Some of the pile group was too deteriorated to leave standing and was lowered to the sea bed and secured with anchors.
The Port worked closely with officers from the Department of Parks and Wildlife (DPaW) to capture and remove the Black-Faced Cormorant nestlings that were found to be still on the Jetty Island. The birds were placed with licenced carers within the community to be hand-reared until the birds were mature enough to be released back into the wild. However, despite the very best efforts of dedicated, professional carers and close support from the DPaW only two of the fledglings were able to be saved and released.

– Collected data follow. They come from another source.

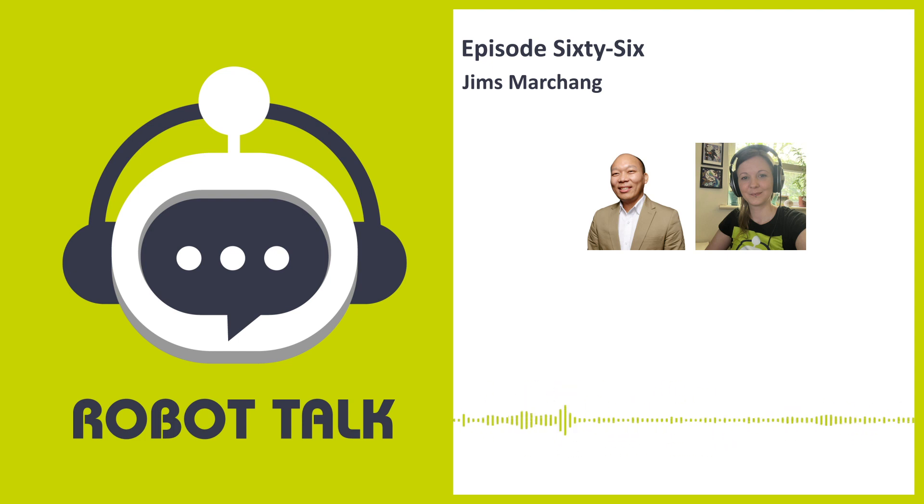Robot Talk is the podcast that sits down with robot enthusiasts from around the world and asks them the questions you always wanted answered — like how can the robot tell that I'm really me, and how does that thing work?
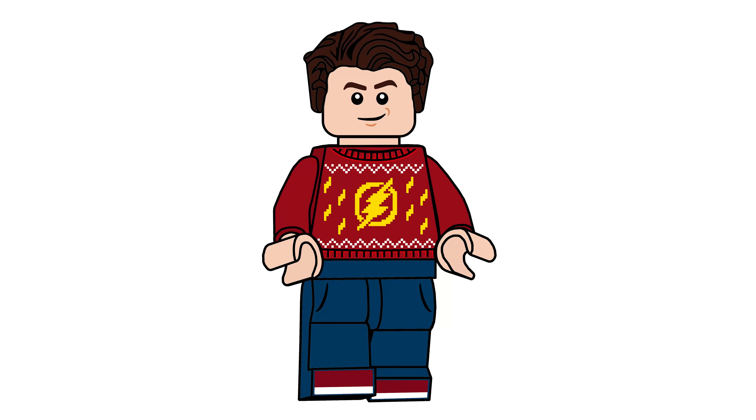Hello there everyone, AshenFlash here and welcome into a LEGO Eternals news update. I contemplated doing this video or not, but there's been some developments with what happened yesterday and I just thought that I'd talk about them.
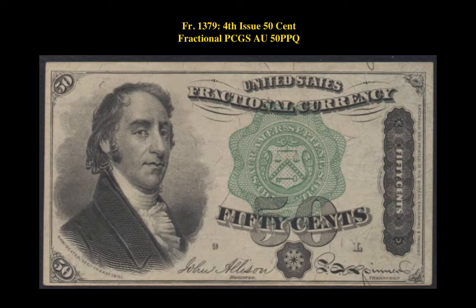Friedberg No. 1379, 4th Issue, 50 Cent Fractional, PCGS AU50 PPQ.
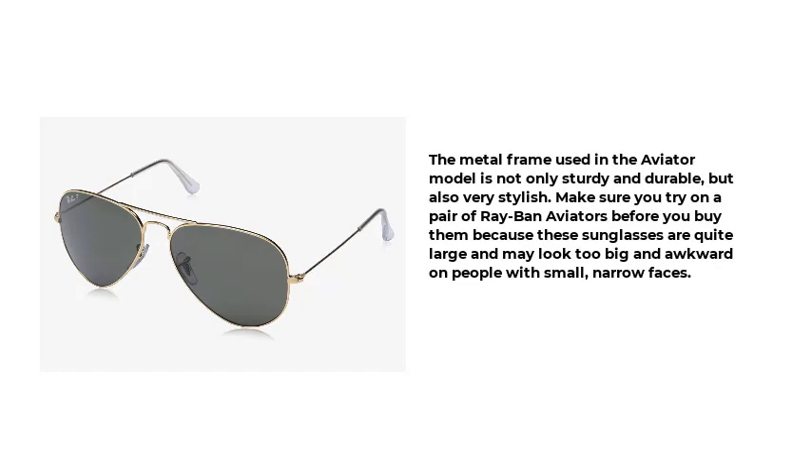The metal frame used in the Aviator model is not only sturdy and durable, but also very stylish. Make sure you try on a pair of Ray-Ban Aviators before you buy them, because these sunglasses are quite large and may look too big and awkward on people with small, narrow faces.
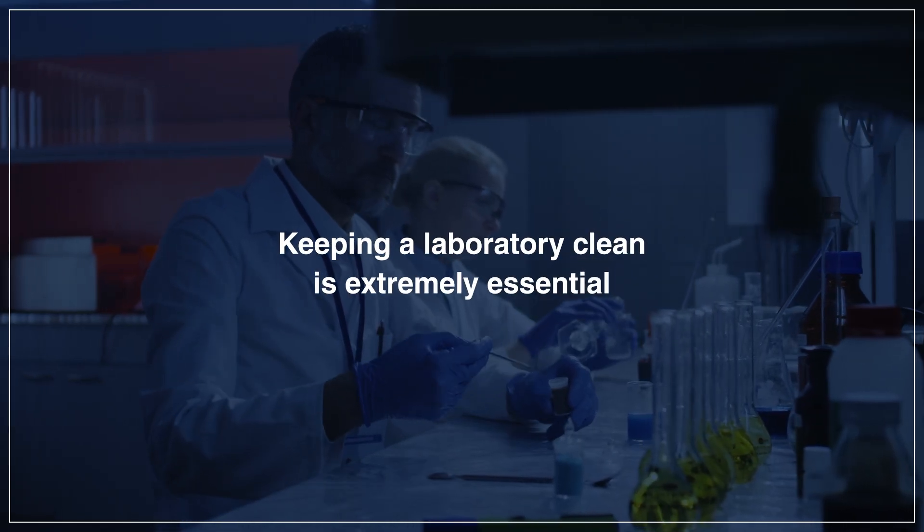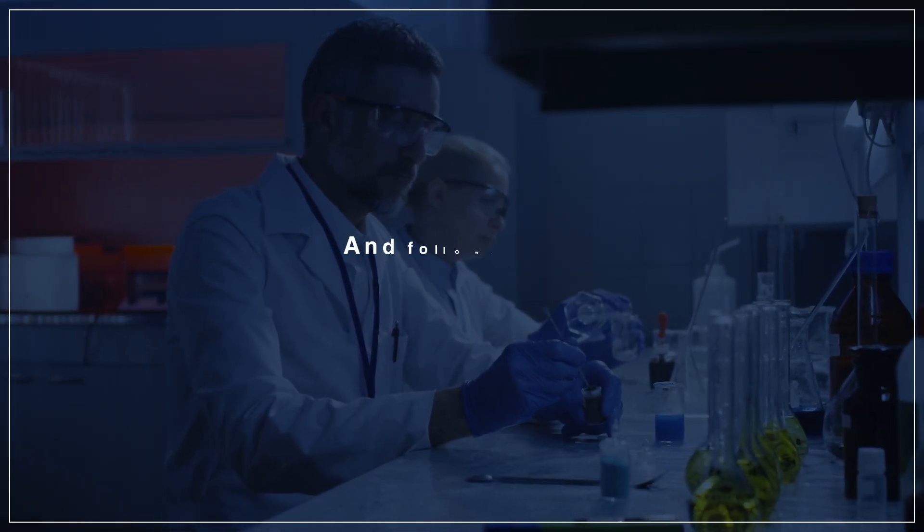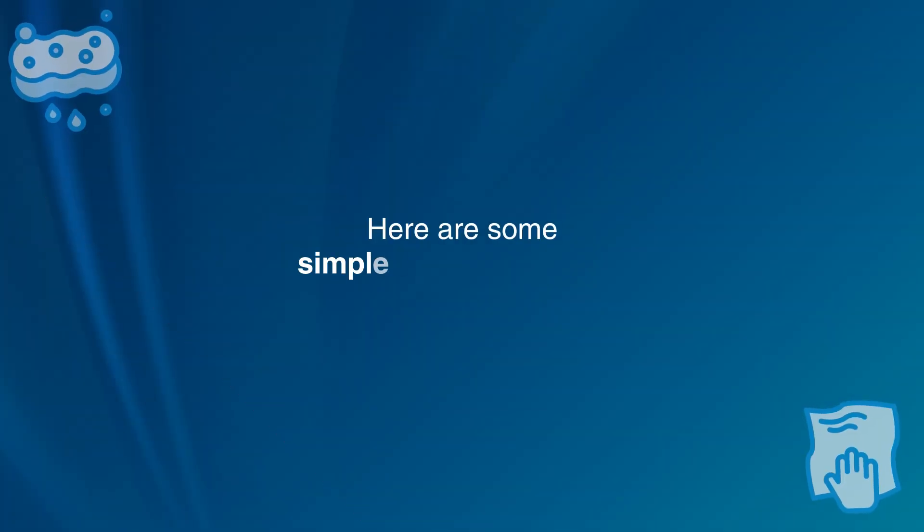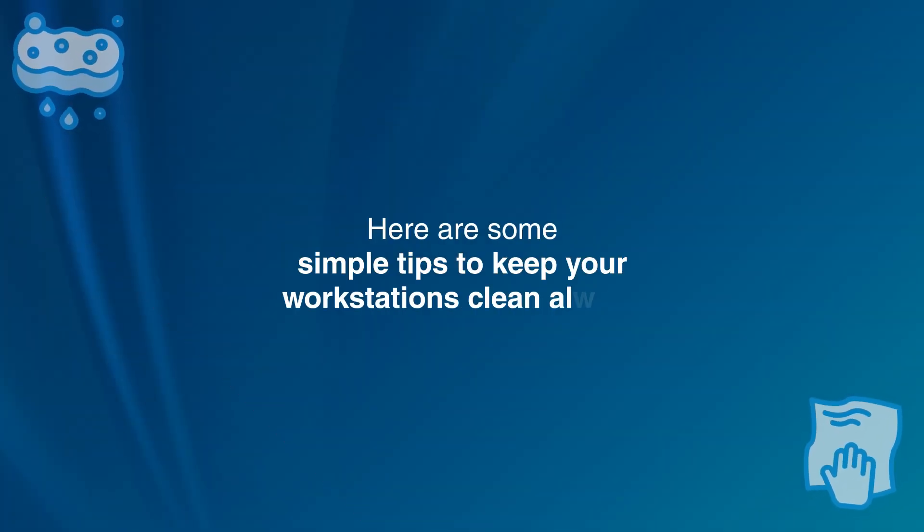Keeping a laboratory clean is extremely essential, and following the cleaning protocols too. Here are some simple tips to keep your workstations clean always.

An artificial nesting platform has been installed at the end of the Port’s breakwater and sixteen nests from the Jetty Island were relocated to the new structure.
The colony of Black-Faced Cormorants has relocated from the Jetty Island to the same location on the Port’s breakwater but have not have yet taken up residence in the nesting platform.
The Port will facilitate access to the new nesting site for local volunteers to conduct quarterly surveys and ongoing research into the Black-Faced Cormorants.
The Jetty Island timbers will be tested by the Environmental Department prior to distribution to the various not-for-profit and community groups who will soon be invited to register their interest. To properly recognise the heritage value of the timber, and distribute it fairly, community groups will be asked how much timber they would like, what will be created and how it will benefit the community.
The photos below were taken immediately after the demolition and show that even with the loss of the shade from the old Jetty Island, big schools of fish remained in the area.
Work to demolish the Jetty Island commenced on 25 May 2015. Demolition contractors have completed underwater bracing of the existing piles to ensure they do not collapse. The remaining pile group will then remain part of the existing artificial dive trail that extends from the end of the main Tanker Jetty.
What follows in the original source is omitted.